When browser tabs are opening uber slowly, they often have a graphic that shows a circle rotating counter clockwise that later switches to clockwise once the browser is closer to loading successfully.
Opening a new browser tab can be a full 75 MBs worth of RAM up front. 10 Tabs would consume 750 MBs worth of RAM. 40 Tabs would require 3GBs worth of RAM. Sometimes even more.
If he is trying to open up a browser with some hideous number of tabs at once, especially if it is a poor browser (Safari on Windows, for instance) he could be starting at counterclockwise animations for a LONG time.
That was my first thought when I read the post.
Reinstalling Windows to clean out a lot of crap in the OS could help, so could defragging, or increasing the page file size or all of the above.

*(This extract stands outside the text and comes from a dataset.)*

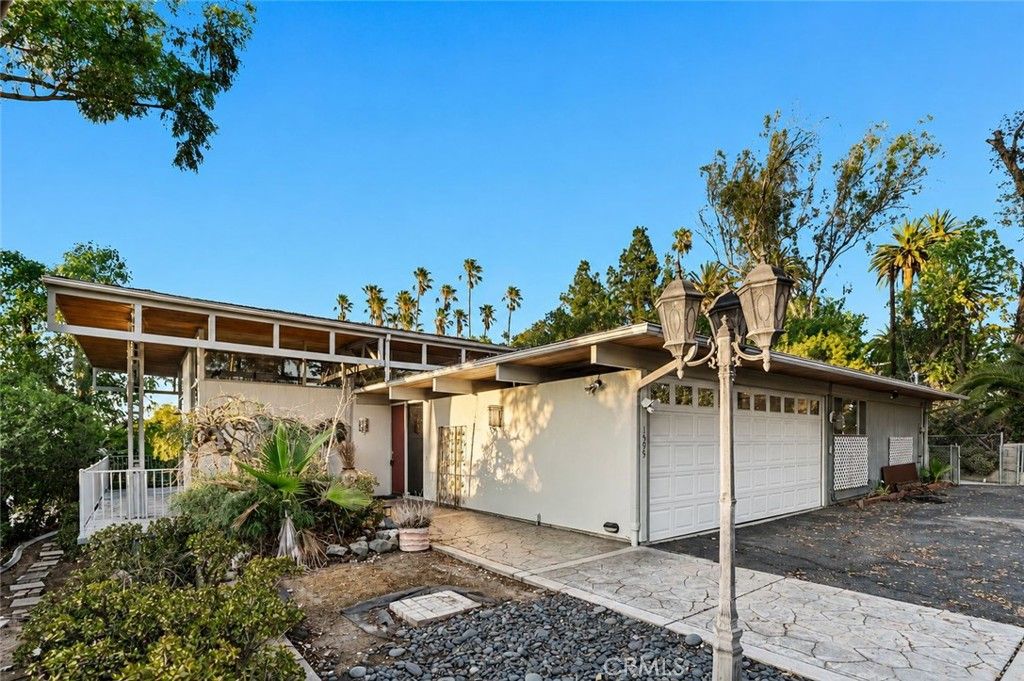 Image 59 of property listing at 1595 Cherokee Road, Corona, CA 92881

Buying a new computer could help a lot too, if the OP has an old core.
- Edit -
Firefox has memory leak issues which means that sometimes memory used by the browser that is supposed to be given back to windows later actually never is freed up and given back to windows, which means Firefox gets slower and slower and slower without stopping until it is forced to give it up by, say, restarting the PC. This could have something to do with it if you use Firefox, but this tends to matter more the longer a computer has been on rather than right when it comes on.

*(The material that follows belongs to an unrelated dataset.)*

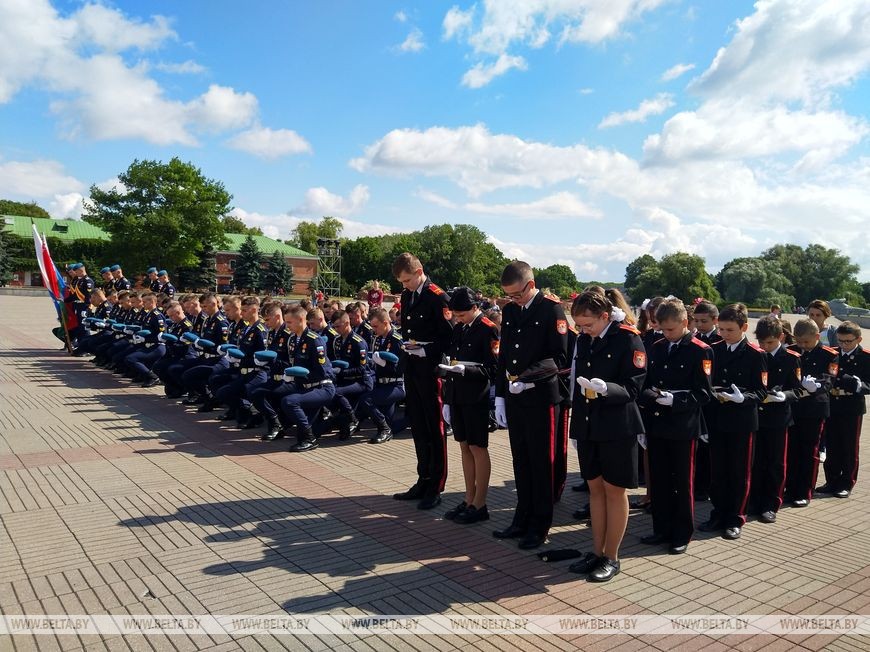 Частицу Вечного огня Брестской крепости передали в главный храм Вооруженных Сил России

Also, if you are just starting the computer and jumping right into the browser, Windows could still be loading parts of the subsystem or doing routine things like Anti Virus checks on the RAM or other such things. Stuff like the AMD Control Center can take some time to load once windows is started. If you try to load browsers too quickly after system start, it could still be loading these sorts of things and push the browser opening off until last.
Chrome is a fast browser that releases memory back to the OS the fastest out of all browsers, you might try using that instead if you can.